La domanda mondiale di petrolio si contrarrà di 420.000 barili al giorno su base annua nel 2026, attestandosi a 104 milioni di barili al giorno, ovvero 1,3 milioni di barili al giorno in meno rispetto alle previsioni pre-conflitto in Medio Oriente. È quanto afferma l'Agenzia internazionale dell'energia (IEA) nel suo report mensile. Il calo maggiore si è registrato nel secondo trimestre, con una diminuzione di 2,45 milioni di barili al giorno, di cui 930.000 barili al giorno attribuibili ai paesi OCSE e 1,5 milioni di barili al giorno ai paesi non OCSE. I settori petrolchimico e aeronautico sono attualmente i più colpiti, ma l'aumento dei prezzi, un contesto economico più debole e le misure di contenimento della domanda avranno un impatto sempre maggiore sul consumo di carburante.
Al contempo, l'offerta globale di petrolio è diminuita di ulteriori 1,8 milioni di barili al giorno ad aprile, raggiungendo i 95,1 milioni di barili al giorno, portando le perdite totali da febbraio a 12,8 milioni di barili al giorno. La produzione dei paesi del Golfo, colpiti dalla chiusura dello Stretto di Hormuz, è stata inferiore di 14,4 milioni di barili al giorno rispetto ai livelli pre-conflitto. L'aumento della produzione e delle esportazioni dal bacino atlantico offre un certo sollievo. Ipotizzando una graduale ripresa dei flussi attraverso lo Stretto a partire da giugno, l'IEA prevede che l'offerta globale di petrolio diminuirà in media di 3,9 milioni di barili al giorno (mb/d) nel 2026, attestandosi a 102,2 mb/d.
La previsione contenuta nel report è che la lavorazione di greggio da parte delle raffinerie crollerà di 4,5 mb/d nel secondo trimestre del 2026, raggiungendo i 78,7 mb/d, e di 1,6 mb/d per l'intero 2026, arrivando a 82,3 mb/d, a causa dei danni alle infrastrutture, delle restrizioni alle esportazioni e della minore disponibilità di materie prime.
Secondo i dati preliminari, le scorte globali di petrolio si sono ridotte di 129 mb a marzo e di ulteriori 117 mb ad aprile.

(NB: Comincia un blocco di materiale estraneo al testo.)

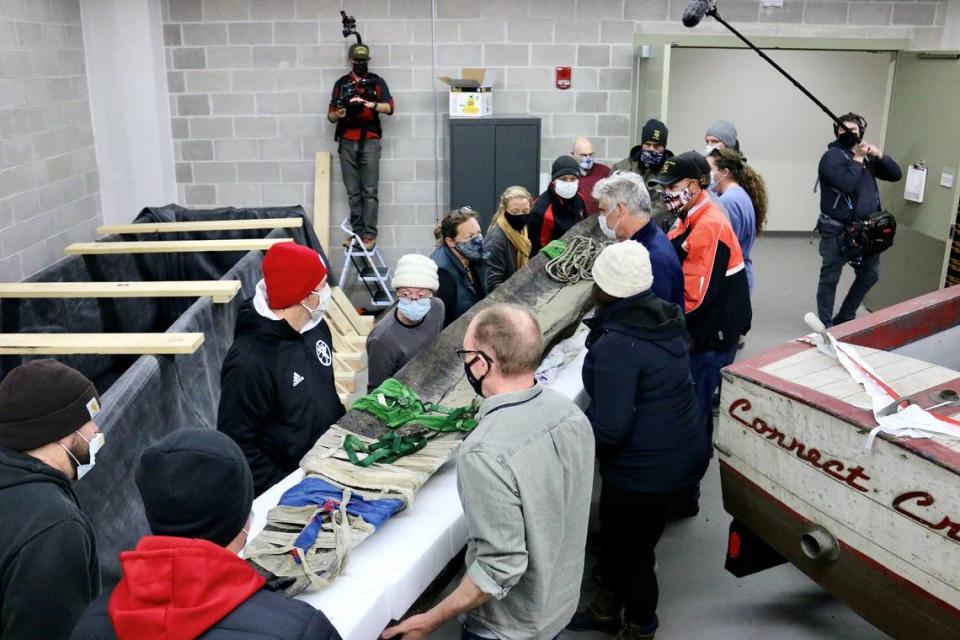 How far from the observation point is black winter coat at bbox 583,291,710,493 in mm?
2688

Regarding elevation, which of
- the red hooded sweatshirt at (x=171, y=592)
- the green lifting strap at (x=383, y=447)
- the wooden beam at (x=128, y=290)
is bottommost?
the green lifting strap at (x=383, y=447)

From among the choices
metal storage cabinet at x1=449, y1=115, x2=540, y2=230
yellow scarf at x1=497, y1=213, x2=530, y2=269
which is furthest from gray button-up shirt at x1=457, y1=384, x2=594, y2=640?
metal storage cabinet at x1=449, y1=115, x2=540, y2=230

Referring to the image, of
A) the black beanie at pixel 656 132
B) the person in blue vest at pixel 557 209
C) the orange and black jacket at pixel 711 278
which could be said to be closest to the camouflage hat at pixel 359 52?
the black beanie at pixel 656 132

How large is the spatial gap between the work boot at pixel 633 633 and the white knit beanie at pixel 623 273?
118 cm

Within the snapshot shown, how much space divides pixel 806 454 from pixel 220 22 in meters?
6.54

Le continue interruzioni del commercio marittimo attraverso lo Stretto di Hormuz hanno causato un calo delle scorte terrestri di 170 milioni di barili (-5,7 milioni di barili al giorno) ad aprile, mentre il petrolio trasportato via mare è rimbalzato di 53 milioni di barili.

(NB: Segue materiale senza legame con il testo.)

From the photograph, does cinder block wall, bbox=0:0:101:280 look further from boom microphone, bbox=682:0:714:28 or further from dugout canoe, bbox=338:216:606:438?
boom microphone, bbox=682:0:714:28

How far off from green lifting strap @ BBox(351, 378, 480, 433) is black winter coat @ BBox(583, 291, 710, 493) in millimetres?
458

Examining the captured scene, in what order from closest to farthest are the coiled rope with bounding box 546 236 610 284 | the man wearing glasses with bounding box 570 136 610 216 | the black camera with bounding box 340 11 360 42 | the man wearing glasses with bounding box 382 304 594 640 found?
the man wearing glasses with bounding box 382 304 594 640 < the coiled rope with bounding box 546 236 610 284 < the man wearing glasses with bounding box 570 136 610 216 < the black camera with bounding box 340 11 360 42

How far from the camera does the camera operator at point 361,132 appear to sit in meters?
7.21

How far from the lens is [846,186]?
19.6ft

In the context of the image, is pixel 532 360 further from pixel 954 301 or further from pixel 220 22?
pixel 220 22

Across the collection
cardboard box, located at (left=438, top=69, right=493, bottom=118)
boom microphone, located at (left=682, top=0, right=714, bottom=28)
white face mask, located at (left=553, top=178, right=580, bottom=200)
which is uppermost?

"A più di dieci settimane dall'inizio della guerra in Medio Oriente, le crescenti perdite di approvvigionamento dallo Stretto di Hormuz stanno esaurendo le scorte globali di petrolio a un ritmo record", viene evidenziato nel rapporto.
Con il traffico di petroliere nello Stretto di Hormuz ancora limitato, le perdite cumulative di approvvigionamento dei produttori del Golfo superano già 1 miliardo di barili, con oltre 14 milioni di barili al giorno di petrolio bloccati, uno "shock di offerta senza precedenti", sottolinea l'IEA. L'attuale divario tra domanda e offerta è tuttavia significativamente inferiore, poiché il mercato era già in surplus prima della crisi e sia i produttori che i consumatori stanno reagendo ai segnali del mercato. Sul fronte dell'offerta, l'Arabia Saudita e gli Emirati Arabi Uniti sono riusciti a reindirizzare parte delle esportazioni verso terminali di carico al di fuori dello Stretto. Allo stesso tempo, le scorte provenienti da depositi strategici commerciali e governativi nei paesi consumatori stanno affluendo sul mercato per compensare in parte le perdite.
Sebbene la domanda possa tornare a crescere verso la fine dell'anno, qualora si raggiungesse un accordo per porre fine alla guerra che consenta la graduale ripresa dei flussi attraverso lo Stretto di Hormuz a partire dal terzo trimestre del 2026, è "probabile che la ripresa dell'offerta sia più lenta", sostiene l'IEA. Di conseguenza, il mercato petrolifero rimarrà in deficit fino all'ultimo trimestre dell'anno. Con le scorte globali di petrolio già in calo a livelli record, è probabile un'ulteriore volatilità dei prezzi in vista del periodo di picco della domanda estiva.